Demilade Sonuga's blog

All posts

The Global Descriptor Table III

2023-01-29 · 25 min read

If you came up with the descriptors for the code and data segments, I'm sure that they would be just long strings of digits the meaning of which is not immediately apparent. To remedy that, let's take a quick look at bitwise operations.

Bitwise Operations

Most computers represent numbers in their binary forms internally. For example, your computer's representation of the 8-bit number 3 will be electrical signals symbolized by 0b00000011, where 0s symbolize "low voltage" and 1 symbolizes "high voltage". The binary number 0b11 represents 3 because 11 is the binary equivalent of 3. If you're not familiar with this binary number conversion stuff, just Google it.

As you already know, there are several different operators which perform some operation on a number and produce a new number, like some kind of machine. Look at the addition operator (+): this takes 2 numbers, performs the mathematical operation of addition on them and outputs another number which is the result of that addition. Look at the equality operator (==): this takes 2 numbers (or anything else that can be compared), performs the logical operation of comparison and outputs a boolean value which is the result of that comparison.

Bitwise operators, on the other hand, take a number or two, perform operations on the numbers' bits (binary digits of its representation) and output a new number that is the result of those bit movements. Arithmetic and logical operations are purely mathematical, existing only in the mind (I mean, how do we know that 2 + 2 = 4 and not 5?) but bitwise operations can be viewed as mechanical. When we perform bitwise operations, we are literally moving the bits of a number.

The only 2 bitwise operations we'll be looking at now are the left-shift and the bitwise OR operators (because those are the only operators we'll be using for now).

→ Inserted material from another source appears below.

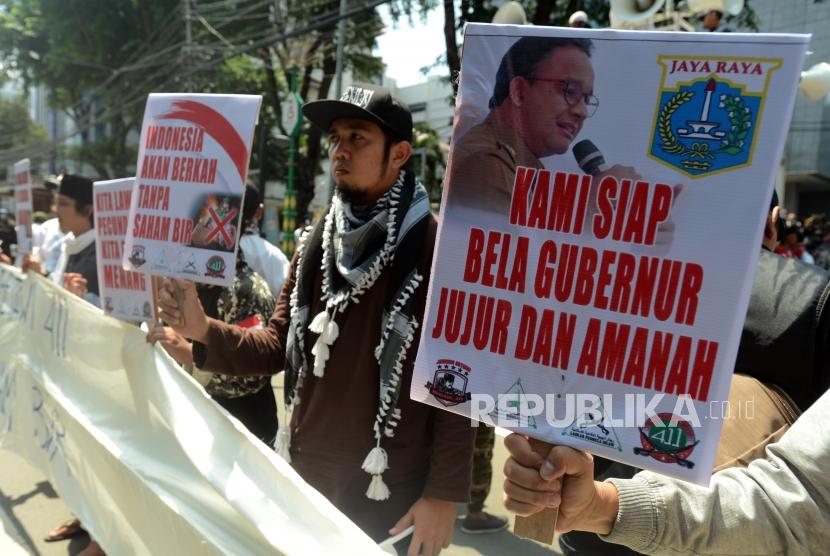 Aksi Dukung Pelepasan Saham Bir. Sejumlah massa PA 212 dan Jawara Betawi melakukan aksi di Jalan kebon Sirih, Jakarta, Jumat (8/3).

The left-shift operator (<<) is a bitwise operator that takes two numbers a and b as input like so: a << b, shifts all of a's bits b times to the left and outputs the number whose bit representation corresponds to the result. For example, consider the 8-bit number 0b0000001, which is the number 1. The operation 1 << 3 shifts the bits one position to the left 3 times like so:

Shift Bit 7 Bit 6 Bit 5 Bit 4 Bit 3 Bit 2 Bit 1 Bit 0
Original number 0 0 0 0 0 0 0 1
First Shift 0 0 0 0 0 0 1 0
Second Shift 0 0 0 0 0 1 0 0
Third Shift 0 0 0 0 1 0 0 0

After the first shift, bit 6 becomes bit 7, bit 5 becomes bit 6, bit 4 becomes bit 5, bit 3 becomes bit 4, bit 2 becomes bit 3, bit 1 becomes bit 2 and bit 0 becomes bit 1. Because there's nothing to replace bit 0, it defaults to 0 and because there is nowhere for bit 7 to be moved to (only space for 8 bits), it's no longer part of the number, like it's just thrown away.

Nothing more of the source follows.